## TASK INPUT:
+ + + +

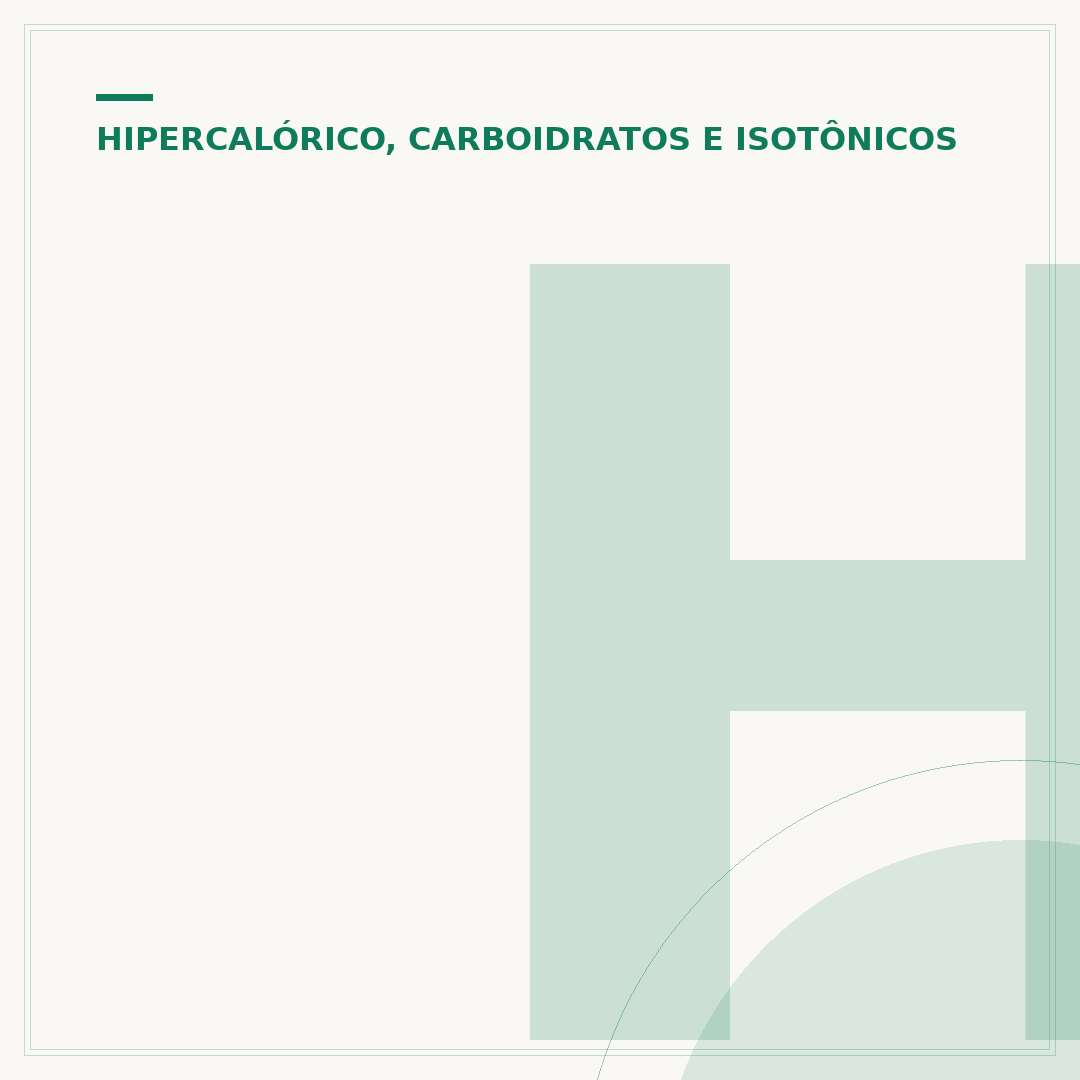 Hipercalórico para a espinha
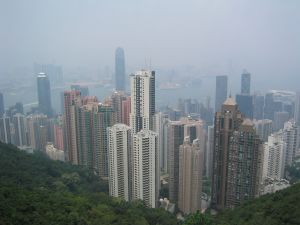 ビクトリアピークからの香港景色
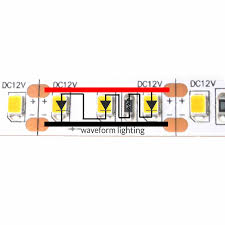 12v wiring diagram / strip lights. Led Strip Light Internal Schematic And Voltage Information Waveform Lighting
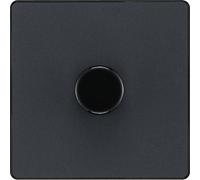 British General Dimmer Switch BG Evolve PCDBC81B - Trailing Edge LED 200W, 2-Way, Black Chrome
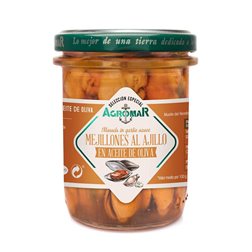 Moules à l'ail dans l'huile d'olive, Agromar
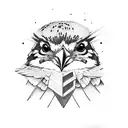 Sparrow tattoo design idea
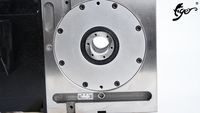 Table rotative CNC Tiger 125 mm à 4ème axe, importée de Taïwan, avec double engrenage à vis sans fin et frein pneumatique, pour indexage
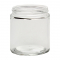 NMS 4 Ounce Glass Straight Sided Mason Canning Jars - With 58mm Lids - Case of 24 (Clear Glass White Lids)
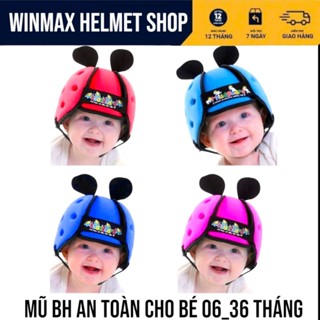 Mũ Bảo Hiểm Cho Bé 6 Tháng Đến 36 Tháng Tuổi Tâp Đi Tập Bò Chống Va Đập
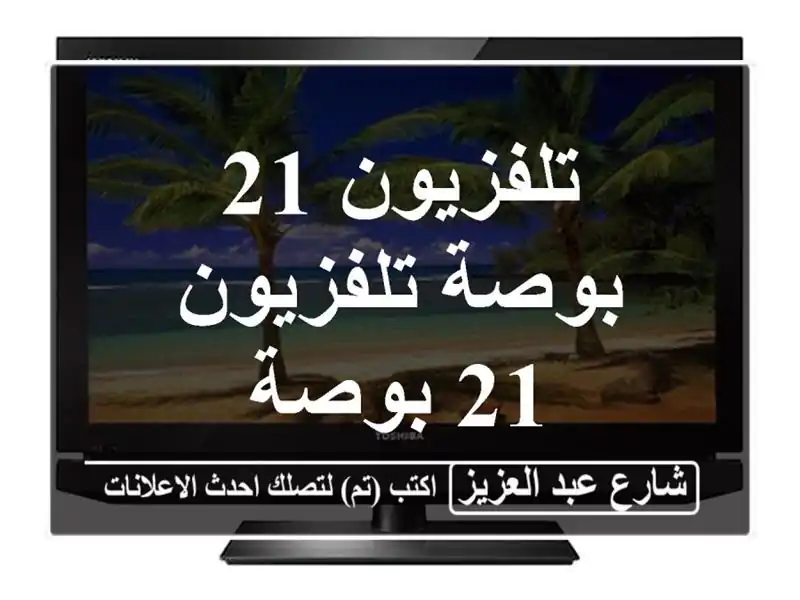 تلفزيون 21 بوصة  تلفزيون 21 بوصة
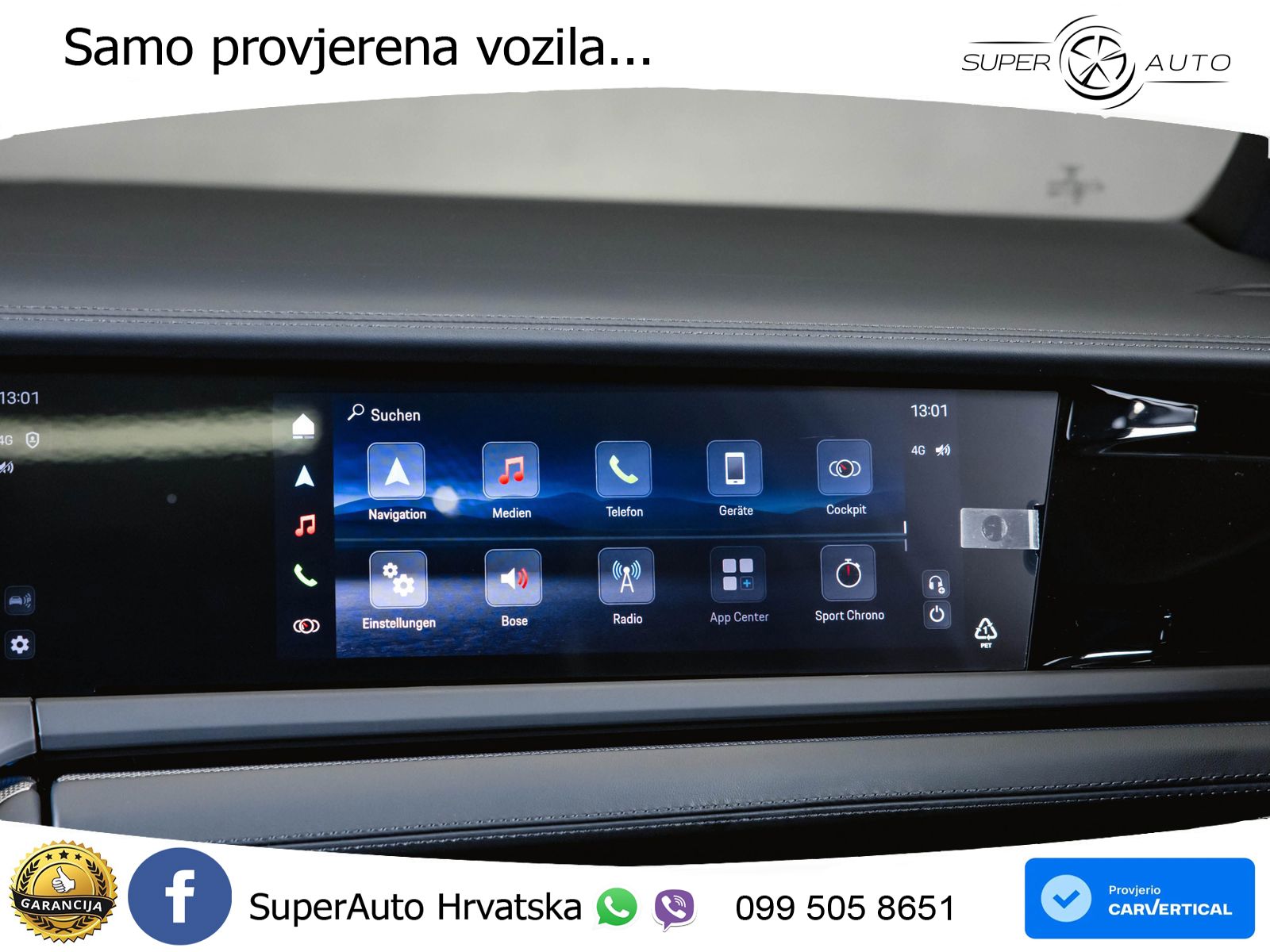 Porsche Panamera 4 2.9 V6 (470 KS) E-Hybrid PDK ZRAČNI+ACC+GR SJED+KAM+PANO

+ + + +

Using the data above, print only the lines starting at the one with "12v wiring diagram" and ending at the one with "Table rotative CNC", exactly as they stand, minus the pictures.

 12v wiring diagram / strip lights. Led Strip Light Internal Schematic And Voltage Information Waveform Lighting
 British General Dimmer Switch BG Evolve PCDBC81B - Trailing Edge LED 200W, 2-Way, Black Chrome
 Moules à l'ail dans l'huile d'olive, Agromar
 Sparrow tattoo design idea
 Table rotative CNC Tiger 125 mm à 4ème axe, importée de Taïwan, avec double engrenage à vis sans fin et frein pneumatique, pour indexage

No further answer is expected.